What I love even more is “Eat This Not That” tested oatmeals, and the one I’m eating ranks #2 on their list of the top 25. It’s just Quaker Oats – plain – and the only reason it didn’t rank #1, it’s not the organic version. Either way, it’s actually helped my “gut.” I feel MUCH better. Have I convinced you yet? 🙂
That sounds yummy. I often have oatmeal for dinner. I like to nuke a little bowl of frozen blueberries until they’re juicy, then pour those over the top with some coconut sugar and soy milk. (Tonight’s dinner plan now in place.)
I would eat that for dessert! Sounds scrumptious.
I’ve been vegan for ten years, so I usually make a veggie soup on the weekends and tote it with me to work. Today I brought roasted tomato and white bean, made with home-grown romas and a carrot-top gremolata. I wish I had some crackers to go with it, but I forgot to pack them.
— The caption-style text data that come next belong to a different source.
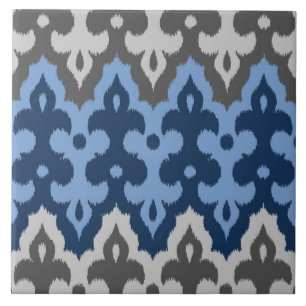 Marokkaans Ikat Damask, blauw en grijs / grijs Tegeltje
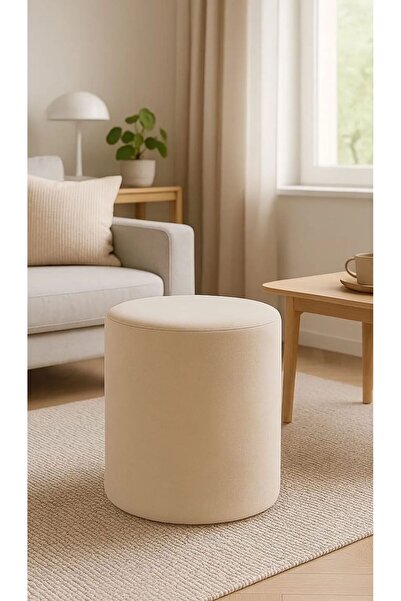 PufyHome DUBLİN PELUŞ KREM ÇOK AMAÇLI PUF KOLTUK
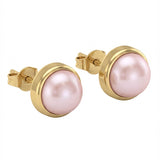 Cultured Freshwater Pink Pearl Studs Gold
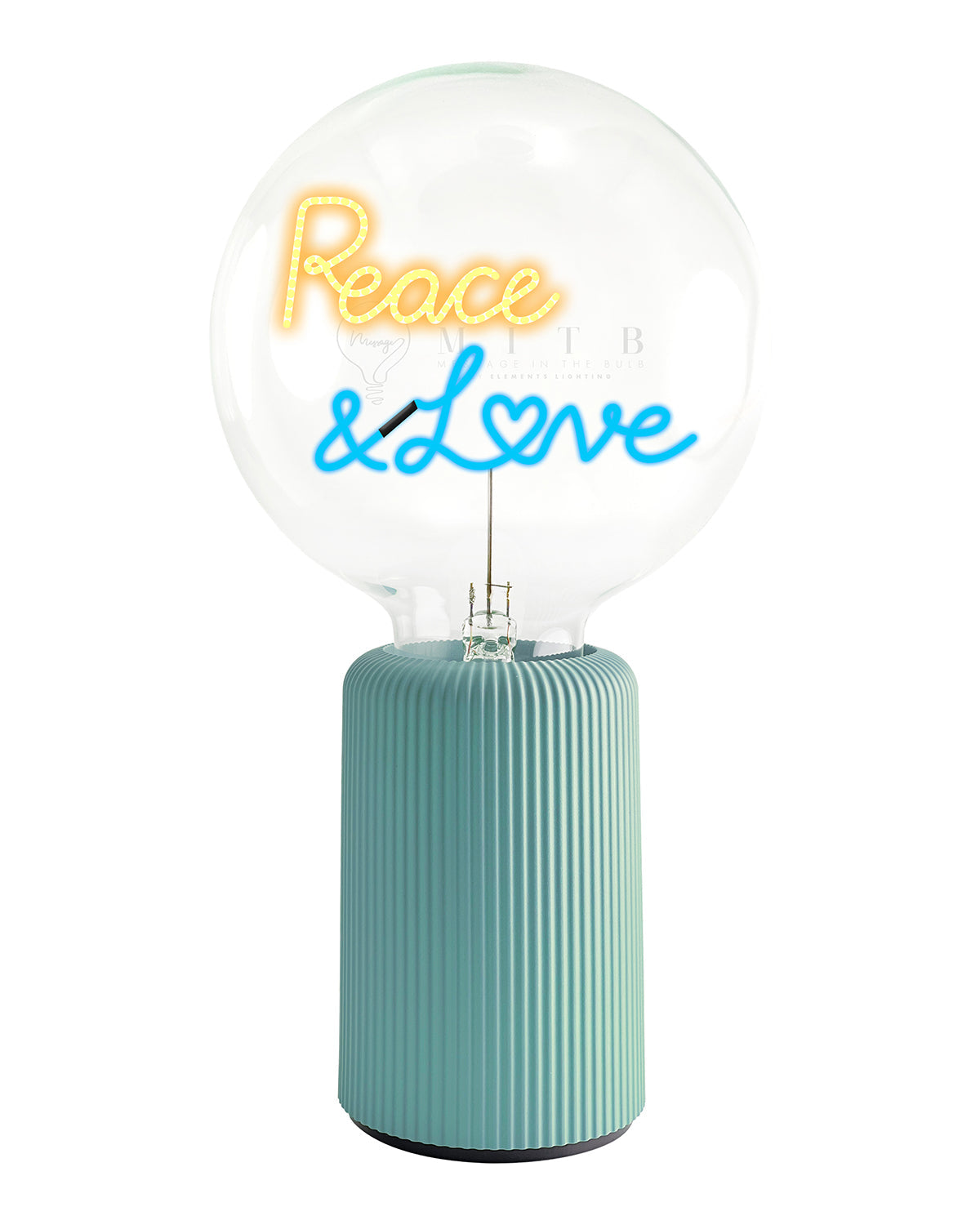 Bulb PEACE AND LOVE Amber/ Blue with Base Table Lamp PORTABLE Pop Nomad Emerald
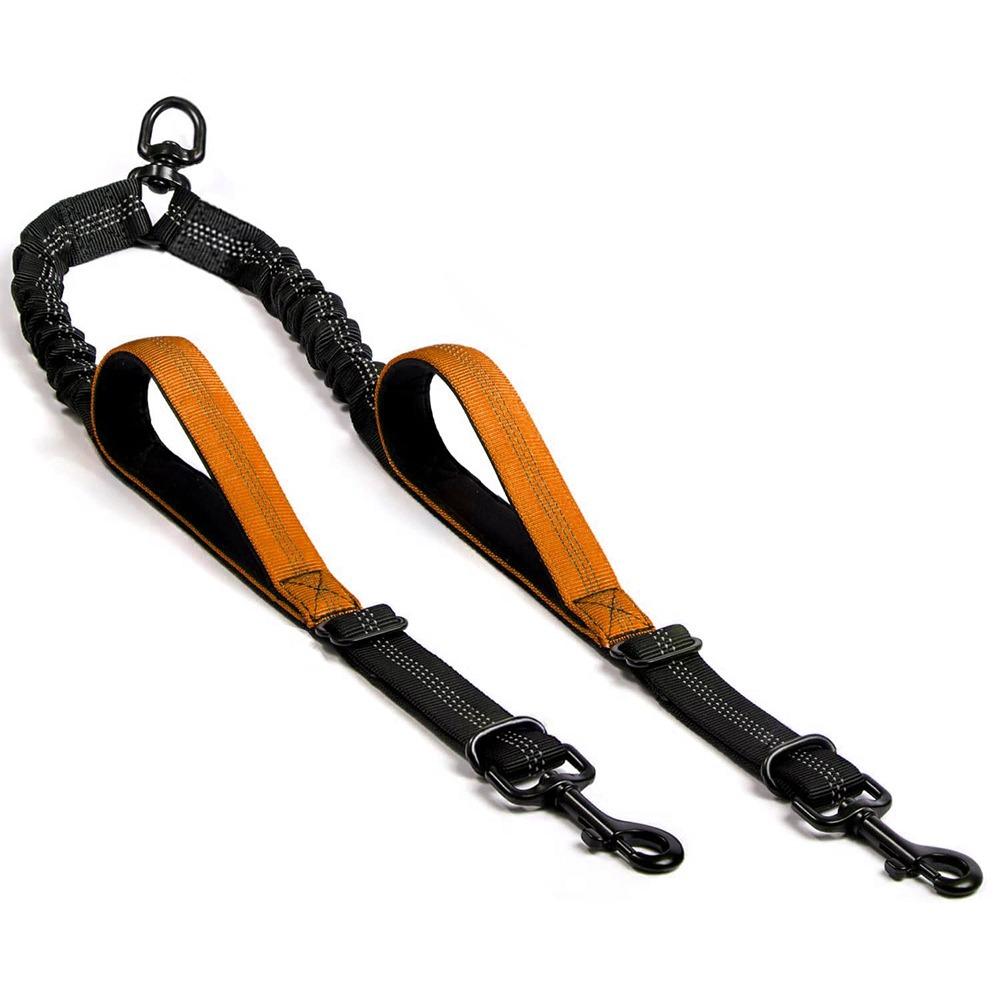 

Shock Absorbing Dual Dog Leash No-Pull Design Two Dog Lead Rope Pet Walking Rope Two Dogs Walking оранжевый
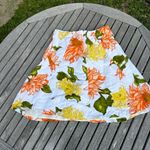Premise Women's Size 12 Floral Rose Print Linen Blend Skirt White Yellow Cottage Photo 2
A good old conversation sandwich followed by a few sips of sparkling listening juice with a side order of smiles and complimented with sweet pride for dessert. The dining locale was mostly the cab of my truck while spending the day with my teenage daughter, going to the apple orchard and then the mall, talking about school, music, creative writing, the National Honor Society and the harrowing story of a friend of hers who drives slow but turns sharp and fast.